Your task: Write the records out again without change. Leave the pictures behind.

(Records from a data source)
-------

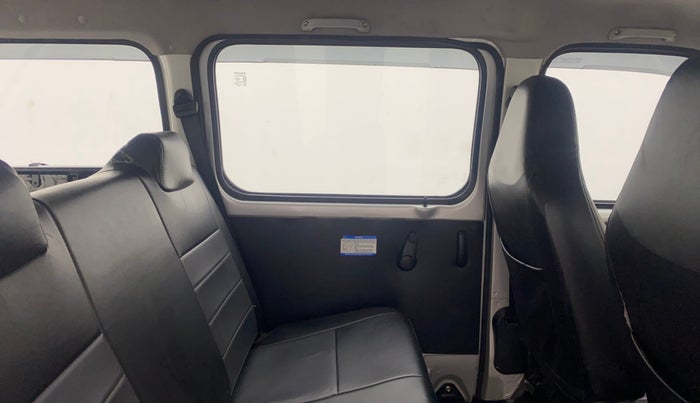 2022 Maruti Eeco 5 STR AC (O), Petrol, Manual, 30,049 km, LHS Rear Door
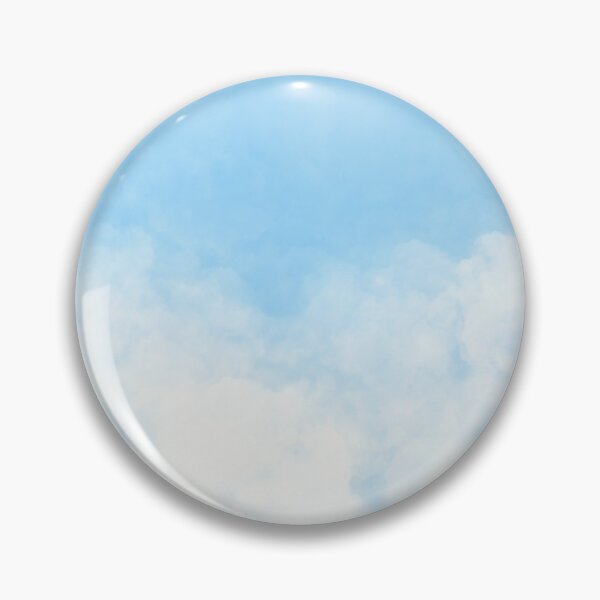 Item preview, Clouds in the Sky designed and sold by ADreamWorld.
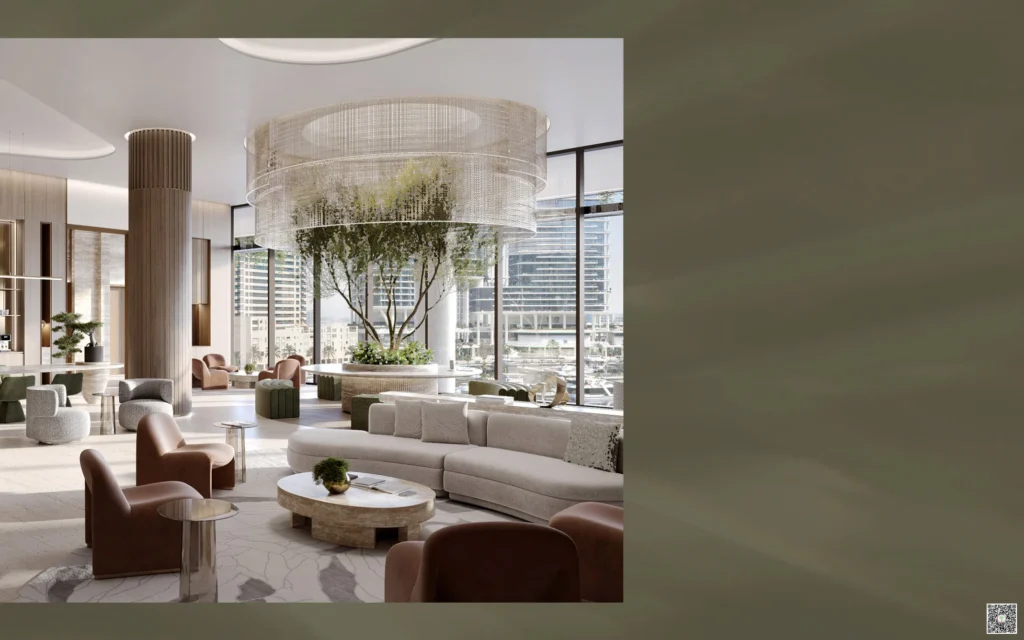 Enara By Omniyat by Forty Two Downtown Real Estate Developments in Business Bay, Dubai
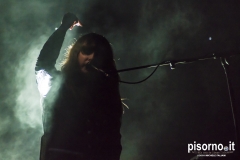 Beach House live @ Mojotic August 16th 2017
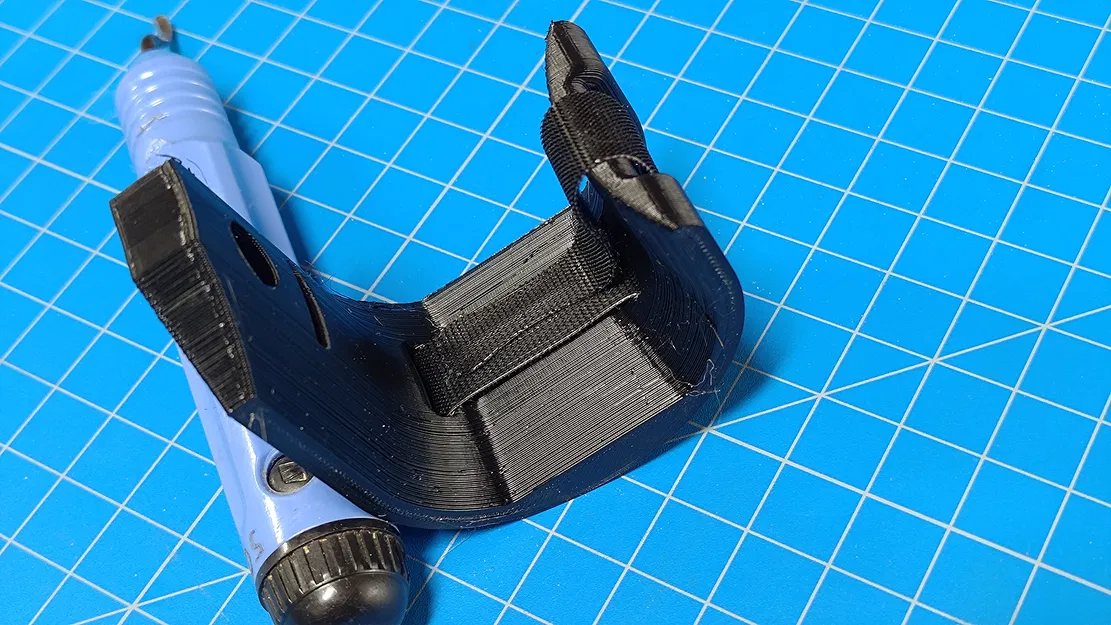 Móc chữ J tốt hơn cho dây cáp - Image 2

-------

Exercise answer:
 2022 Maruti Eeco 5 STR AC (O), Petrol, Manual, 30,049 km, LHS Rear Door
 Item preview, Clouds in the Sky designed and sold by ADreamWorld.
 Enara By Omniyat by Forty Two Downtown Real Estate Developments in Business Bay, Dubai
 Beach House live @ Mojotic August 16th 2017
 Móc chữ J tốt hơn cho dây cáp - Image 2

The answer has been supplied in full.